→ **Raw data**
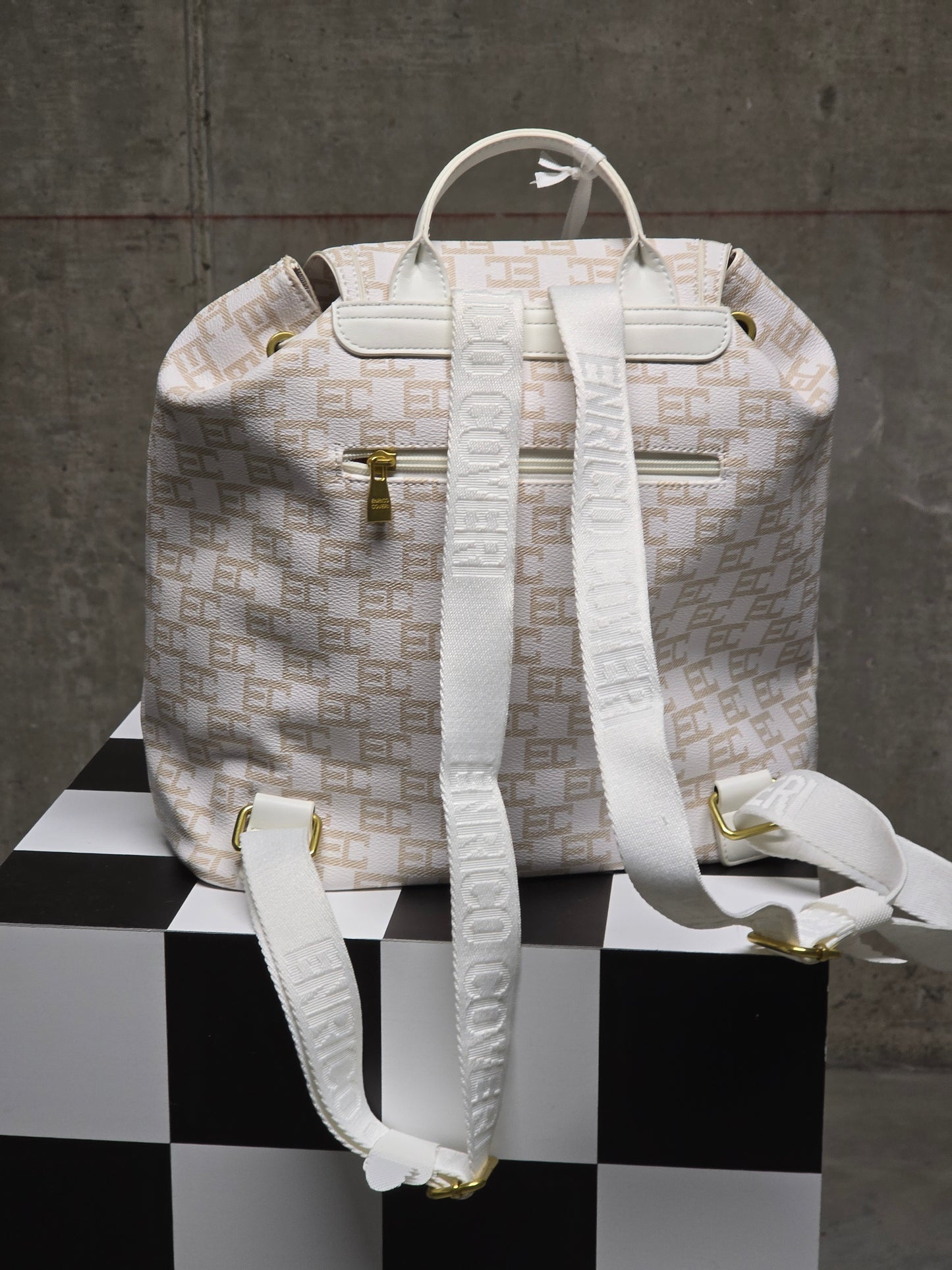 Zaino Enrico Coveri Bianco
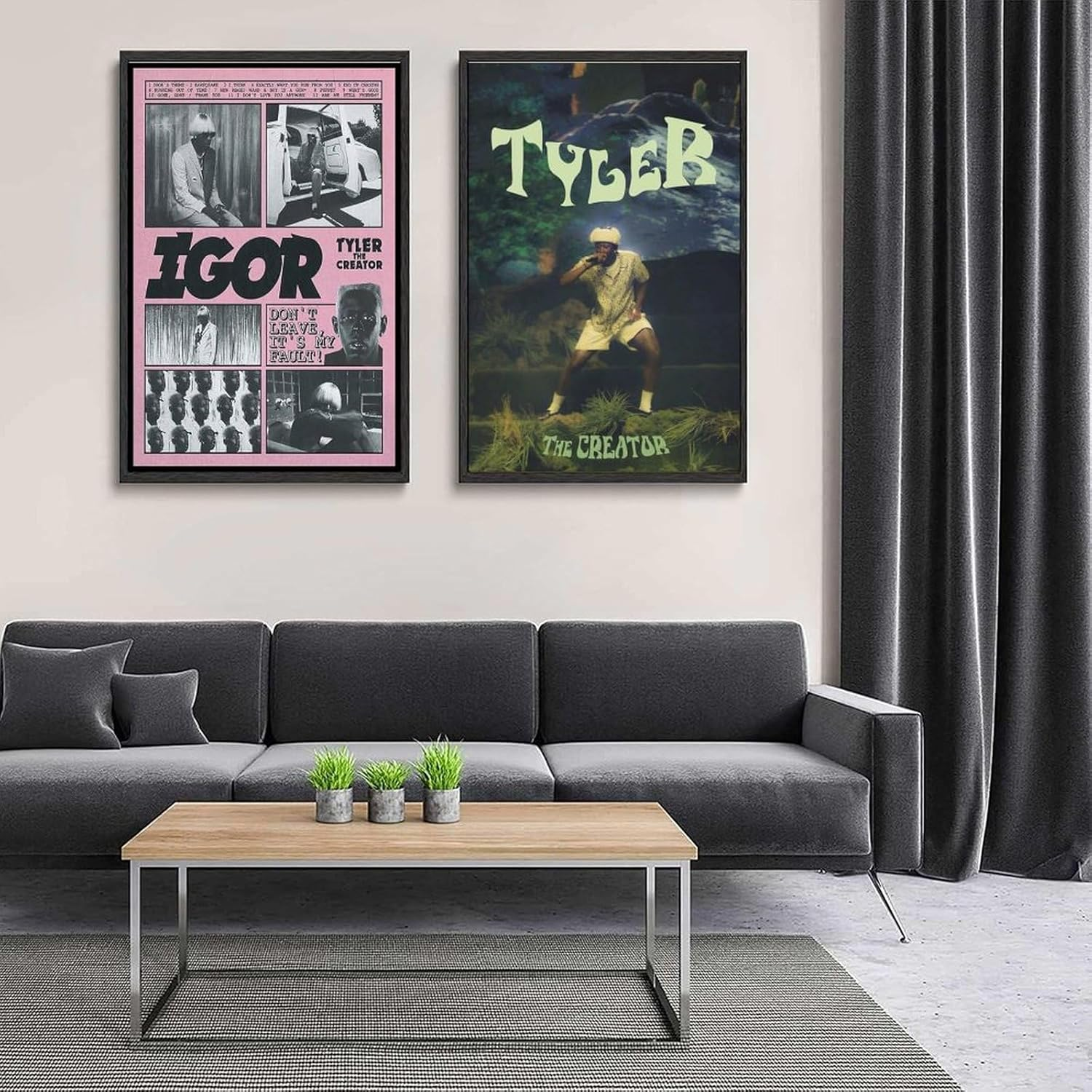 Music Tyler the Art Creator Canvas Poster Poster a Set of 2 Canvas Posters Room Aesthetic Festival Gift Family Bedroom Decor Wall Art Home16X24Inch(40X60Cm) Style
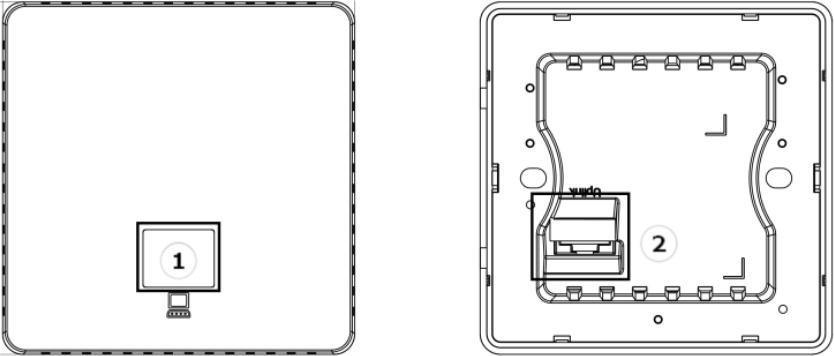 Hikvision DS-3WAP521-SI AC1200 Dual-Band In-Wall Wi-Fi Access Point - Image 3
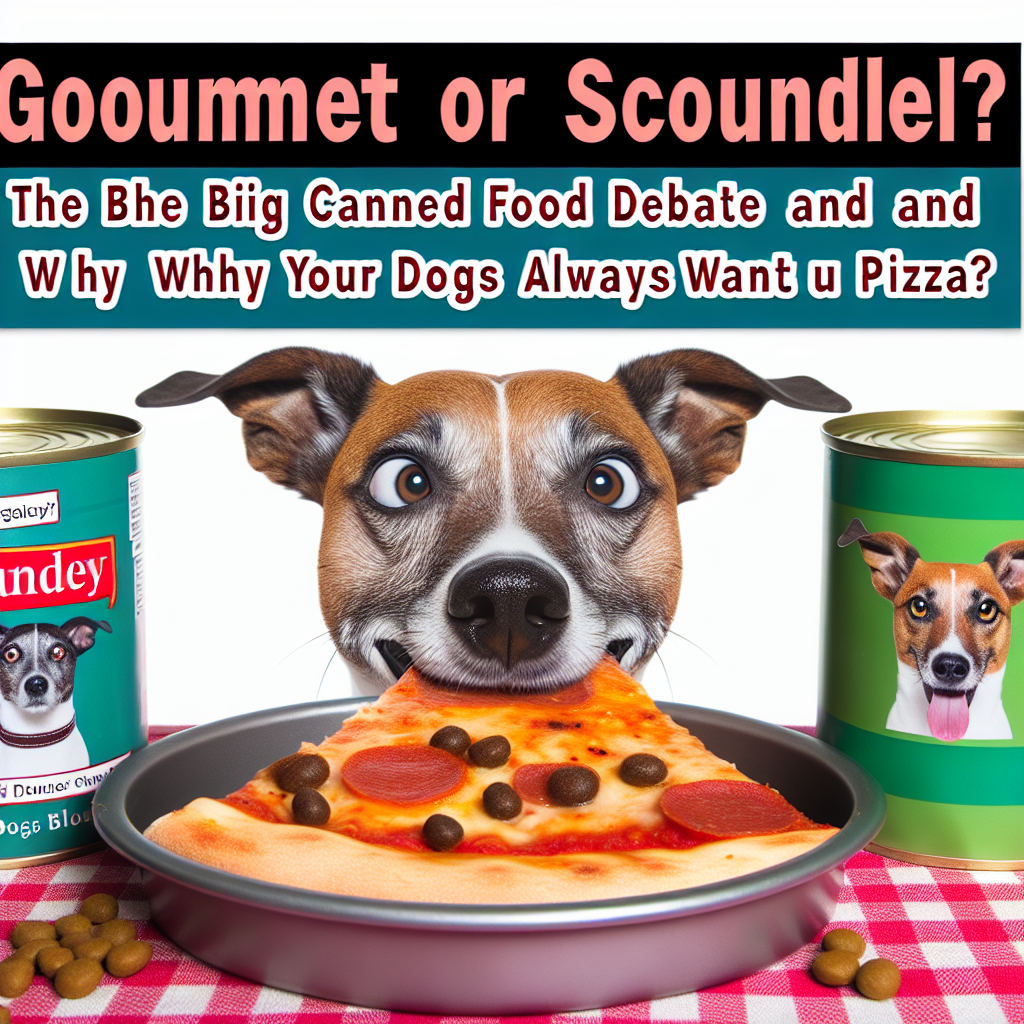 Gourmet oder Gauner? Die große Dosenfutter-Debatte und warum dein Hund immer deine Pizza will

→ **Task objective**
No pictures belong in the output. It should reproduce exactly the lines from the one containing "Hikvision DS-3WAP521-SI AC1200" through the end of the data, both ends included.

→ **Problem solution**
 Hikvision DS-3WAP521-SI AC1200 Dual-Band In-Wall Wi-Fi Access Point - Image 3
 Gourmet oder Gauner? Die große Dosenfutter-Debatte und warum dein Hund immer deine Pizza will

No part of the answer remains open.